I felt this way when I worked on certain projects as a teen-ager. I felt that way about my high school newspaper. I felt that way about projects I did to build my church youth group. I didn’t feel it for my first high school job — as an office janitor — so I can’t say that I felt it about every form of work.
It really kicked into high gear when I started my first newspaper job as a freshman in college. I was supposed to work 20 hours a week for the Daily Mountain Eagle in Jasper, Ala., but I was there more like 40 to 60 hours each week. I knew when to clock out — because I wasn’t going to be paid for more than my normal schedule — but nobody made me leave.
I was having fun. I was learning how to do almost every job in the building. I was only supposed to be working in the newsroom and the darkroom, but I learned everything.
I learned our archaic computer equipment inside and out. When technicians would come to do repairs or upgrades, I was their constant shadow, learning all they would tell me. I learned everything about the composing department and became just as expert as those who had worked there for years.
I learned the jobs of those in the camera and stripping department — where the pages were turned into big negatives and then metal plates. Late at night when nobody was around, I experimented with things nobody had told me how to do. I invented my own ways of doing things and later used many of those techniques. (The only thing I never learned was how to run the press.)
My father used to complain that I was allowing the newspaper to abuse me since I spent so many hours there without being paid. I thought he was crazy. I thought I was just getting a fantastic education at their expense.
I continued to love work as I moved through several newspapers, but it showed up its strongest when I owned my own small newspaper company.
I’ve told you before about starting this company and about why it had to shut down. But for that last year, my ex-wife and I were working between 80 and 100 hours each week. I’m not going to say that’s good for the human body or for a person’s mental state, but the work itself was euphoric for me.
And it made me happy beyond words each week when I saw the copyright notice on the front page: Copyright McElroy Media, Inc., All Rights Reserved.
It was mine — and I was willing to put everything into it. I’ve never had that much fun again.
When I worked for another newspaper company in the next couple of years, much of the thrill was gone. I still did work that I thought was good. I still put in long hours. But I had lost much of the control — because it was a bureaucratic chain of papers — and I’d lost the promise of feeling I had a big payoff from owning my own company.
In the years I worked in politics, there were emotional highs — times when I made a quick financial killing or election nights when a client won against all odds. But there wasn’t the same feeling of excitement all the time. There wasn’t the same sense that I was building something lasting and important.
I’ve realized this week how much I miss that.
I lost something during those years of working on other people’s projects and companies. I grew accustomed to simply doing what someone wanted to pay me to do. It seemed like a reasonable compromise when I was working as a publisher for a newspaper chain. At least I was still in the field where I had been so happy.
Then it seemed like a reasonable compromise when I started making good money as a political consultant. The money was so good that it would have seemed crazy to turn it down — but I had little passion for it to start with and then I lost all interest. It was destroying me ethically and it was making me cynical.
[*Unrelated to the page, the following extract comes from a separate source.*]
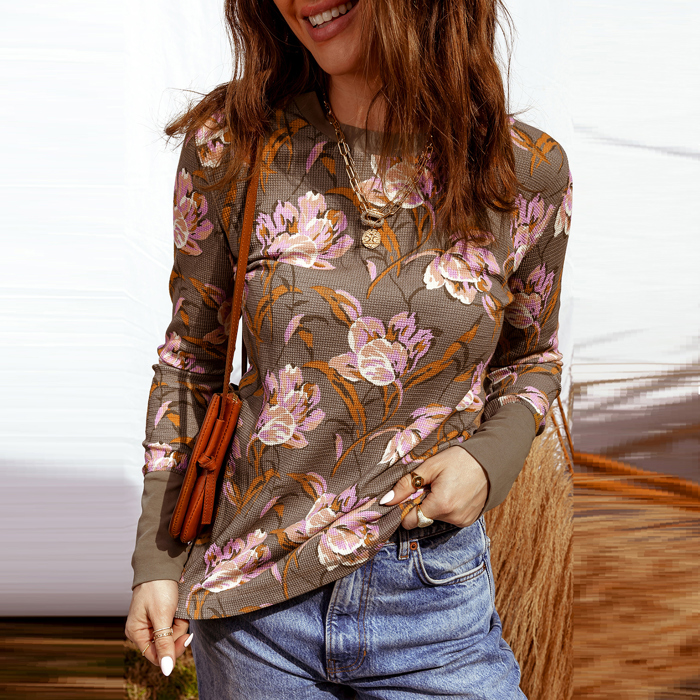 Wildflower Meadow Waffle Knit Top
I completely lost touch with the part of me that had been so excited about work in the past.
These days, there’s nothing wrong with the real estate company I work for. I’m doing good work. I’m helping to grow a young company into something more mature. I’m working hard to build and improve internal control systems. I’m serving clients and I’m making a living.
But I’m still eager for Friday at 5 p.m. to get here. And I dread Monday morning. I don’t love what I do. I’m not building something for myself. I’m simply doing what I’m being paid to do. I don’t love what I do so much that I’m constantly dreaming about ways to make it better.
I’ve been figuring some things out lately and I’ve rediscovered an older part of myself that was passionate about success and changing the world. I had forgotten how much I’ve missed this. Now I have to find the right project — one I can reasonably jump to from where I am — that will make me so excited that I’ll be eager to get started each day.
I miss having that passion and excitement and drive for my work. Newspapers are dead, so I don’t expect to go back in that direction. But there will be directions that will make sense. Real estate is a good potential platform for doing something big and profitable at the right time, preferably with the right partner.
I don’t ever again want to kill myself with working 80 to 100 hours a week. But I do want to love what I’m doing so much that I’ll wish there were more hours in each day.
I’m excited to reconnect with that part of myself — and I can’t wait to feel that passion for work once again.